During the three months ended March 31, 2023,
and 2022, there were no stock based awards issued or outstanding.
Fair value of financial instruments
We value our financial assets and liabilities
on a recurring basis using the fair value hierarchy established in Accounting Standards Codification (“ASC”) 820, Fair
Value Measurements and Disclosures.
ASC 820 describes three levels of inputs that may be used to measure
fair value, as follows:
Level 1 input, which include quoted
prices in active markets for identical assets or liabilities.
Level 2 inputs, which include observable
inputs other than Level 1 inputs, such as quoted prices for similar assets or liabilities; quoted prices for identical or similar
assets or liabilities in markets that are not active; or other inputs that are observable or can be corroborated by observable
market data for substantially the full term of the asset or liability; and
Level 3 inputs, which include unobservable
inputs that are supported by little or no market activity and that are significant to the fair value of the underlying asset or
liability. Level 3 assets and liabilities include those whose fair value measurements are determined using pricing models, discounted
cash flow methodologies or similar valuation techniques, as well as significant management judgment or estimation.
Income Taxes
Deferred
taxes are provided on a liability method whereby deferred tax assets are recognized for deductible temporary differences and operating
loss and tax credit carry forwards and deferred tax liabilities are recognized for taxable temporary differences. Temporary differences
are the differences between the reported amounts of assets and liabilities and their tax bases. Deferred tax assets are reduced
by a valuation allowance when, in the opinion of management, it is more likely than not that some portion or all of the deferred
tax assets will not be realized. Deferred tax assets and liabilities are adjusted for the effects of changes in tax laws and rates
on the date of enactment. The U.S. federal income tax rate is 21%.
Impairment of Long-Lived Assets
Long-lived assets and certain identifiable
intangible assets to be held and used are reviewed for impairment whenever events or changes in circumstances indicate that the
carrying amount of such assets may not be recoverable. Determination of recoverability is based on an estimate of undiscounted
future cash flows resulting from the use of the asset and its eventual disposition.
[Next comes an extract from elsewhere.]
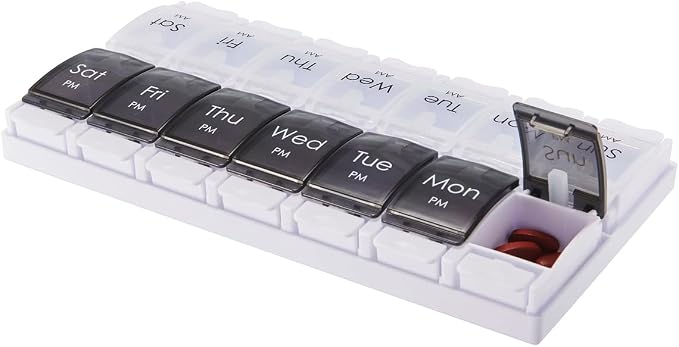 7-Day Portable Weekly Pill Case Daily Vitamin Medicine Box Planner | Travel Vitamin Organizer Dispenser, AM/PM, Large 14 Compartment Capsule Fish Oil Tablet Container, Black and Transparent Lids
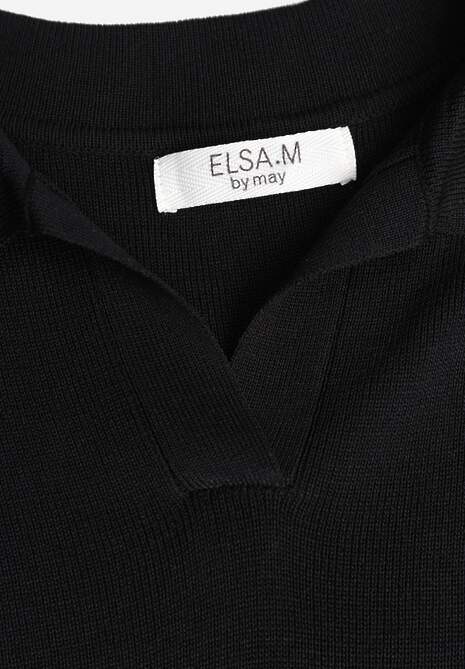 Czarna Sweterkowa Bluzka z Wiskozy z Kołnierzykiem i Usztywnioną Linią Ramion Helite 6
Measurement of an impairment loss for long-lived
assets and certain identifiable intangible assets that management expects to hold, and use is based on the fair value of the asset.
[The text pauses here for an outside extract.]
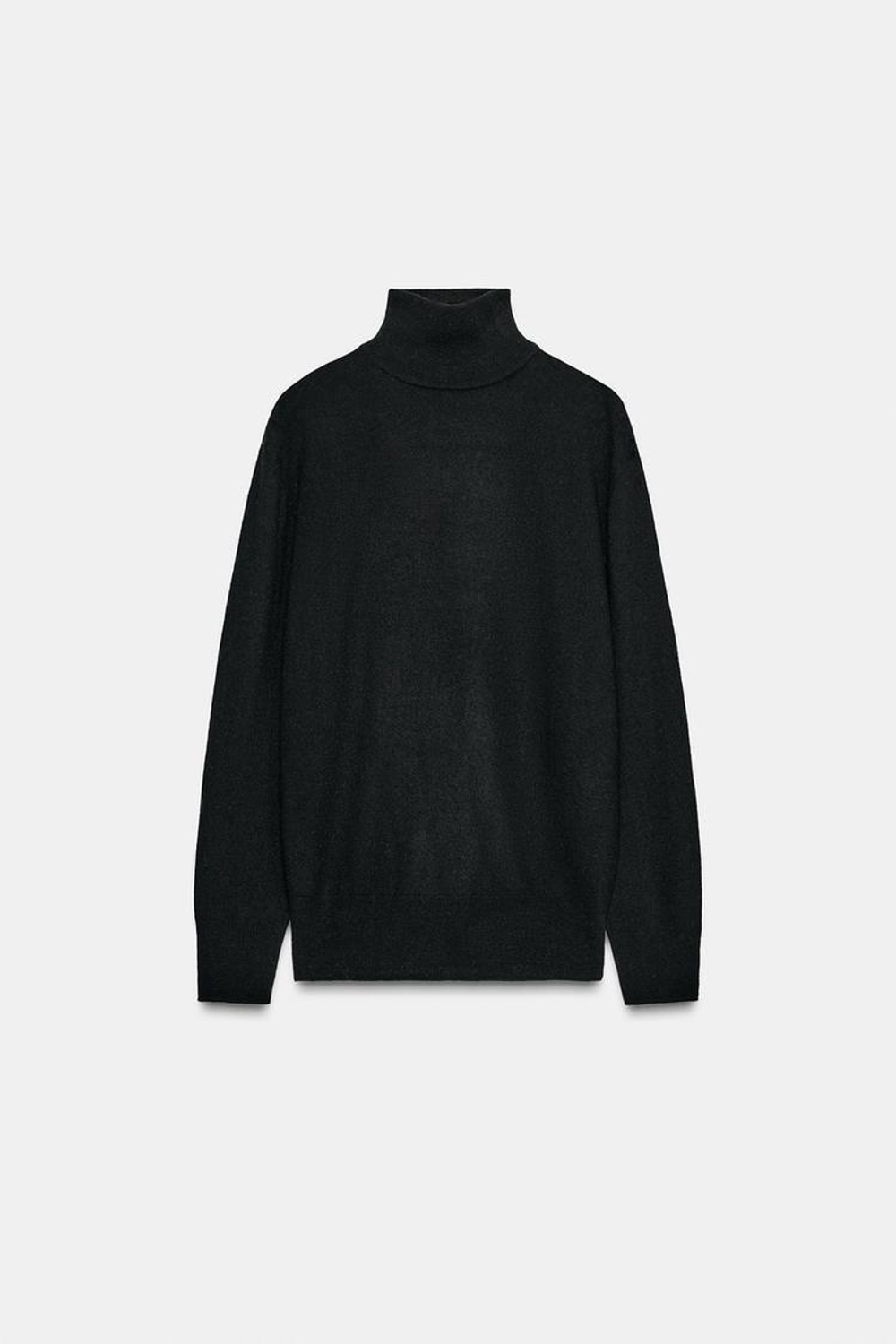 ZARA СВИТЕР ИЗ 100% ЭКСТРАМЯГКОЙ ШЕРСТИ, ЧЕРНЫЙ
Long-lived assets and certain identifiable intangible assets to be disposed of are reported at the lower of carrying amount or
fair value less costs to sell.
Recently Issued and Adopted Accounting
Standards
From time to time, new accounting pronouncements
are issued by the Financial Accounting Standards Board or other standard setting bodies that may have an impact on the Company’s
accounting and reporting. The Company believes that such recently issued accounting pronouncements and other authoritative guidance
for which the effective date is in the future either will not have an impact on its accounting or reporting or that such impact
will not be material to its financial position, results of operations, and cash flows when implemented.
NOTE 3. INVENTORIES
Inventories are stated at the lower of cost
and net realizable value. Cost is determined using the moving average method and net realizable value is the estimated selling
price less costs of disposal in the ordinary course of business. The cost of inventories includes direct costs plus shipping and
packaging materials.
As of March 31, 2023 and December 31, 2022,
Company product inventories valued at approximately $232,434 and $238,016,
respectively were primarily contained in our
storage and fulfilment center located in Fairfield, NJ.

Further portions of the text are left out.